The dstack server now exports some operational Prometheus metrics that allow to monitor its health. If you are running your own production-grade dstack server installation, refer to the metrics docs for details.

What's changed

New Contributors

Full Changelog: 0.19.13...0.19.15

0.19.13

11 Jun 10:33
0e31236

Choose a tag to compare

Clusters

Built-in InfiniBand support in dstack Docker images

The dstack default Docker images now come with built-in InfiniBand support, which includes the necessary libibverbs library and InfiniBand utilities from rdma-core. This means you can run torch distributed and other workloads utilizing NCCL, and they'll take full advantage of InfiniBand without custom Docker images.

You can try InfiniBand clusters with dstack on Nebius.

Built-in EFA support in dstack VM images

dstack switches to DLAMI as the default AWS GPU VM image from a custom one.
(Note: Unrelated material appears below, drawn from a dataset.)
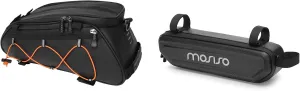 MOSISO Bike Frame Bag, Waterproof Hard Shell EVA Bike Triangle Frame Bag&Bike Rack Bag with 2 Removable Bike Panniers, Waterproof Bike Trunk Cooler Storage Bag Insulated Bicycle Rear Seat Bag, Black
DLAMI supports EFA out-of-the-box, so you no longer need to use a custom VM image to take advantage of EFA.

Server

GCS support for code uploads

It's now possible to configure the dstack server to use GCP Cloud Storage for code uploads. Previously, only DB and S3 storages were supported. Learn more in the Server deployment guide.

What's Changed

Full Changelog: 0.19.12...0.19.13

0.19.12

04 Jun 11:22
8732138

Choose a tag to compare

Clusters

Simplified use of MPI

startup_order and stop_criteria

New run configuration properties are introduced:

  • startup_order: any/master-first/workers-first specifies the order in which master and workers jobs are started.
  • stop_criteria: all-done/master-done specifies the criteria when a multi-node run should be considered finished.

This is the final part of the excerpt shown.